Reading right-wing lunacy, much like following baseball or birdwatching, rewards the patient. If you sit there long enough, you might see something you’ve never seen before.

Wondermark


I can't remember where, but I found another web comic I really love being subscribed to: Wondermark.

Thursday, August 02, 2007



I already thought those Polo shirts with the GIANT logos on them were beyond irritating, but now that I know they're called "Big Pony" shirts, it's even worse. Retch.
Just so you know, there's a site called Sock Dreams. It sells socks.

Alternate-Style Post:

I'm sorry to wake you...I forgot to tell you something. There is a site called Sock Dreams. It sells socks.

DailyLit and Wil Wheaton

Heard about the very simple and exciting DailyLit yesterday at CoolTools, and then I notice that Wil Wheaton chose the same first book to "subscribe to" as I did, noting just like me that it was one he had "meant to read for an embarrassingly long time."

Wednesday, August 01, 2007

Tim F. at Balloon Juice compares the upcoming September report on the "surge" from Gen.

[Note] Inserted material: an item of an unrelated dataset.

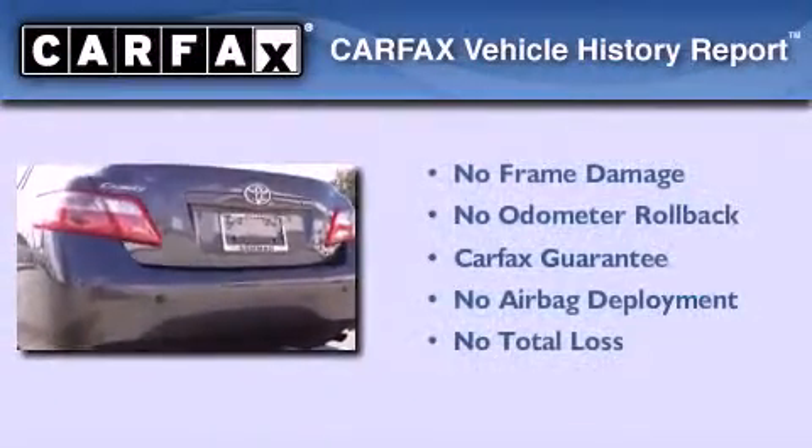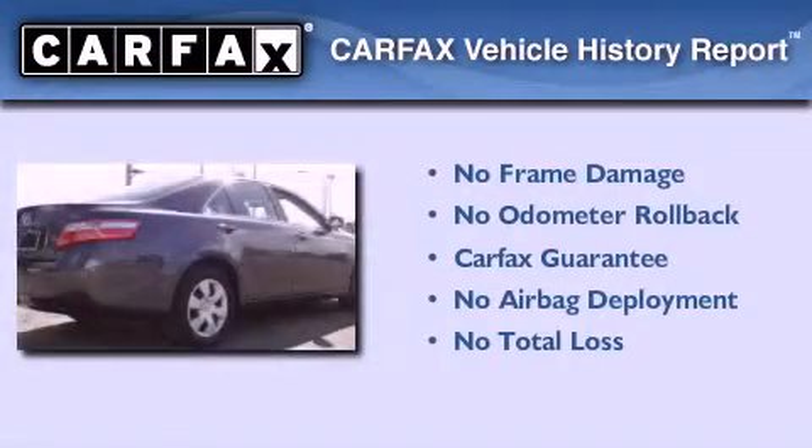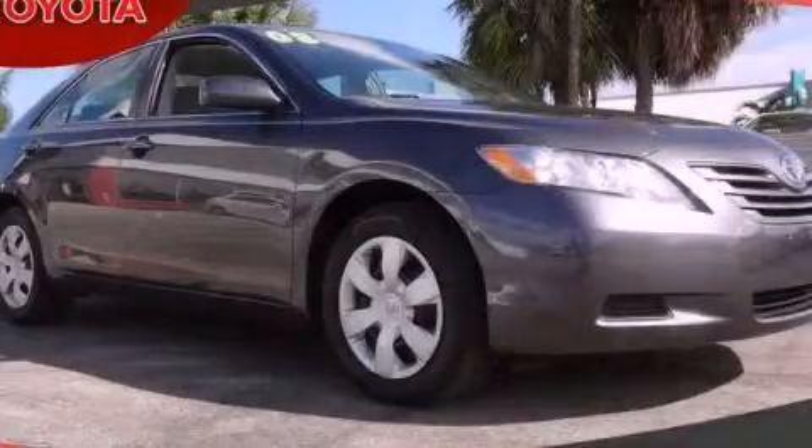Not to mention that this Toyota qualifies for the Carfax Buy-Back Guarantee. Contact us today and schedule your opportunity to see this vehicle in person.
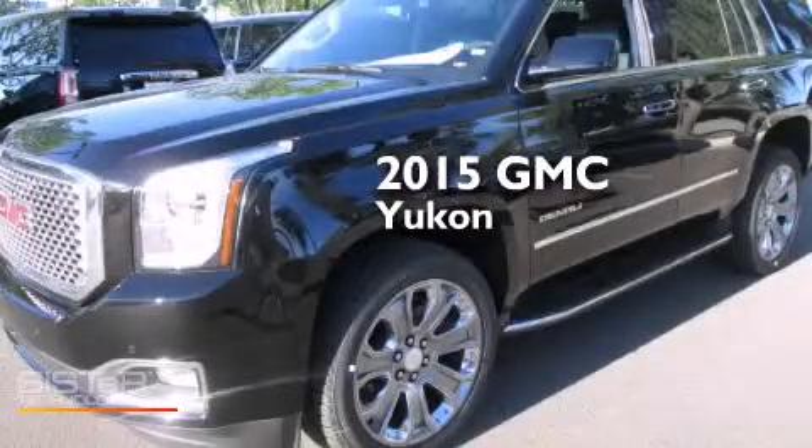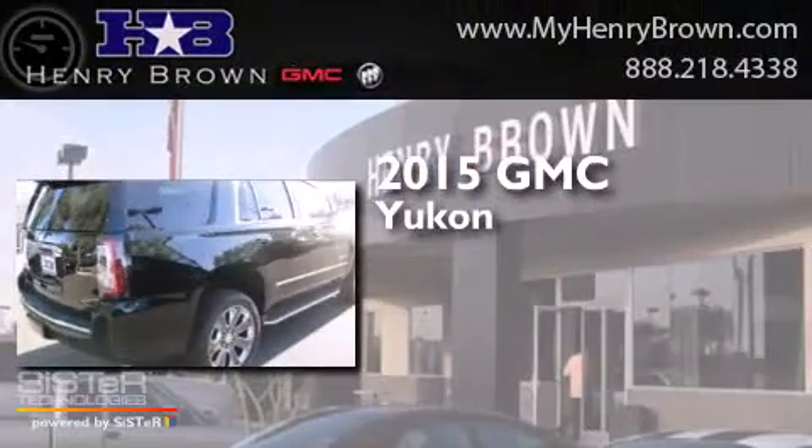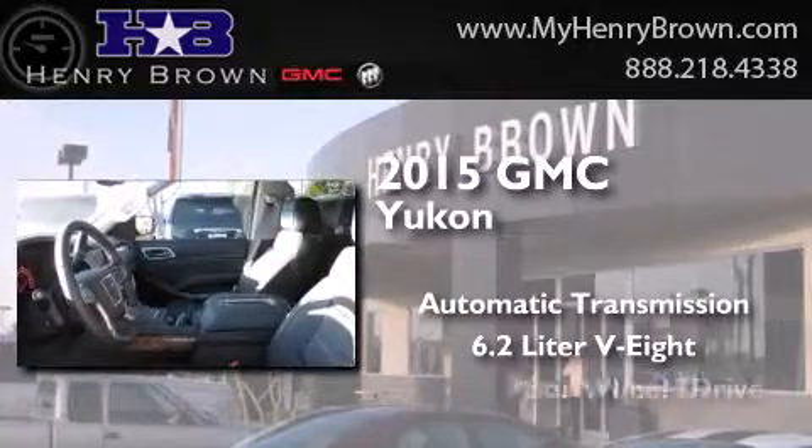This is a brand-new 2015 GMC Yukon. This SUV has an automatic transmission, a 6.2-liter V8, and 4-wheel drive.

Petraeus to the scientific method:
It goes without saying that even a country as disasterfied as Iraq must have something going well. That’s why respectable people establish criteria in advance that will determine whether or not an experiment worked. If all of us scientists could do our experiments and then carefully sift and manipulate our data to find the most appealing possible interpretation, huzzah! Every experiment would work. The Kagan experiment set out some fairly clear pass/fail criteria and then failed to meet them, but like a poor first-year grad student Bush can’t accept that his experiments don’t work so he’ll throw in a few numbers from column 2, switch the labels on a couple of figures and hope that nobody asks too many questions.